▸ How to complete this task: Emit a verbatim copy of the lines running from the line with "Flotteurs de hamac" through the end of the material below.

▸ Input records:
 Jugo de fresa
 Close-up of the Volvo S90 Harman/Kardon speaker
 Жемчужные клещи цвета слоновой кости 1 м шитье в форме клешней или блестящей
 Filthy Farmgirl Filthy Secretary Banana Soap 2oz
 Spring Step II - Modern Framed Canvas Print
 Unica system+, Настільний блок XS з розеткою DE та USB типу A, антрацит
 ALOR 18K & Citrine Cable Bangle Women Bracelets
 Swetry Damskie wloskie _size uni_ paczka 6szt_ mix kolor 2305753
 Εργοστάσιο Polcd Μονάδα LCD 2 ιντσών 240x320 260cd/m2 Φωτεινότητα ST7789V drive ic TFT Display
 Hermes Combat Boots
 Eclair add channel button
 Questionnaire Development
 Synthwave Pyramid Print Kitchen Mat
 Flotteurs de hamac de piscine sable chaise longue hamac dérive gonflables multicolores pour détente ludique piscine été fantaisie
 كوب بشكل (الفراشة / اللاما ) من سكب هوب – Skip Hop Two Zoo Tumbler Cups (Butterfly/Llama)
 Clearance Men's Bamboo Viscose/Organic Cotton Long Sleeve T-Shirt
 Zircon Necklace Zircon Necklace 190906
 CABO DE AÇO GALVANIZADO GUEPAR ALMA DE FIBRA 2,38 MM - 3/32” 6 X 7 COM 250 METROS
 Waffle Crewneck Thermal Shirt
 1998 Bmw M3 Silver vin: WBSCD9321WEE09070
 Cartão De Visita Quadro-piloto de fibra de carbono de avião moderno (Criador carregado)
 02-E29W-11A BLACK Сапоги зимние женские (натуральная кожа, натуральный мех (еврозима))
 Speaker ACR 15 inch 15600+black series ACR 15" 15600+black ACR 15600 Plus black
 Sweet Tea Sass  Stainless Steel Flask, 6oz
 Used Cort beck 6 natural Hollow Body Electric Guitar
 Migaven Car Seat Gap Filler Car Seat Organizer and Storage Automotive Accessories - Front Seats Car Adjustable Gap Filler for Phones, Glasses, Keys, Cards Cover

▸ Answer area:
 Flotteurs de hamac de piscine sable chaise longue hamac dérive gonflables multicolores pour détente ludique piscine été fantaisie
 كوب بشكل (الفراشة / اللاما ) من سكب هوب – Skip Hop Two Zoo Tumbler Cups (Butterfly/Llama)
 Clearance Men's Bamboo Viscose/Organic Cotton Long Sleeve T-Shirt
 Zircon Necklace Zircon Necklace 190906
 CABO DE AÇO GALVANIZADO GUEPAR ALMA DE FIBRA 2,38 MM - 3/32” 6 X 7 COM 250 METROS
 Waffle Crewneck Thermal Shirt
 1998 Bmw M3 Silver vin: WBSCD9321WEE09070
 Cartão De Visita Quadro-piloto de fibra de carbono de avião moderno (Criador carregado)
 02-E29W-11A BLACK Сапоги зимние женские (натуральная кожа, натуральный мех (еврозима))
 Speaker ACR 15 inch 15600+black series ACR 15" 15600+black ACR 15600 Plus black
 Sweet Tea Sass  Stainless Steel Flask, 6oz
 Used Cort beck 6 natural Hollow Body Electric Guitar
 Migaven Car Seat Gap Filler Car Seat Organizer and Storage Automotive Accessories - Front Seats Car Adjustable Gap Filler for Phones, Glasses, Keys, Cards Cover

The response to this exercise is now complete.